While the soundtrack was certified gold in the United States, Josie bombed at the box office, grossing not even half of its reported $39 million budget worldwide. Barely aiming the marketing beyond teens and younger seems to have factored in, and the mixed critical reception likely didn’t help. Not dissimilarly to Paul Verhoeven’s sci-fi war epic Starship Troopers four years earlier, Josie is a satirical work that also operates so well as an example of the story sandbox it’s playing in that the deliberate satirical intent was somehow missed, or outright misinterpreted, by some critics of the day.

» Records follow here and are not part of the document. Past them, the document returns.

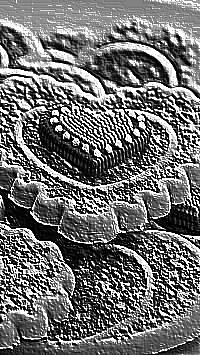 Skamielina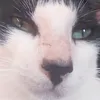 luangamaq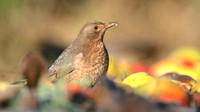 Blackbird, (Female) Tockington, January 2017.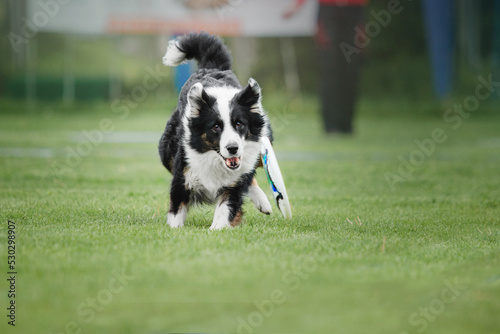 Dog frisbee. Dog catching flying disk in jump, pet playing outdoors in a park. Sporting event, achievement in sport © OlgaOvcharenko
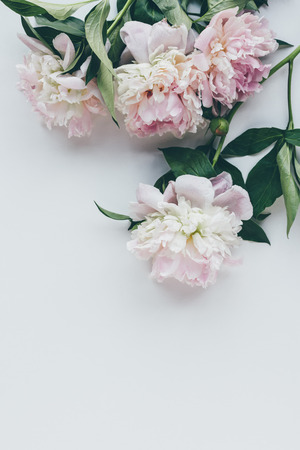 top view of light pink peonies with leaves on whiteの写真素材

“Josie is an indelible early 2001 time capsule, but also feels of a piece with the later meta stylings of Phil Lord and Chris Miller, whose 21 Jump Street and The LEGO Movie also walk a fine line between enthusiastic adaptation of an intellectual property and more cynically questioning their very existence”
The inordinate degree of product placement was commonly criticised, with the idea the filmmakers were hypocritical in sticking major corporation logos in most backgrounds, considering the plot. But that complaint falls apart when the product placement running gag is used to such blatantly absurdist ends, like Evian signage in an aquarium tank or a shower inexplicably plastered in McDonald’s branding. According to the directors in a 2017 Buzzfeed interview, none of the companies paid to be featured, and Gap turned them down after realising they’d be poking fun.
In 2021, the film’s vision of a corporate dystopia takes on new shades. Advertisers don’t even need to bother with the subliminal element anymore, when Twitter accounts for restaurant chains insidiously speak in the first person and Instagram influencer culture allows brands to cosplay as ‘genuine’ people. You could be reading a long post rhapsodising about a subject, seemingly sincerely, only to encounter an abrupt switch to selling you something. Josie and the Pussycats is the best movie ever. Join the army.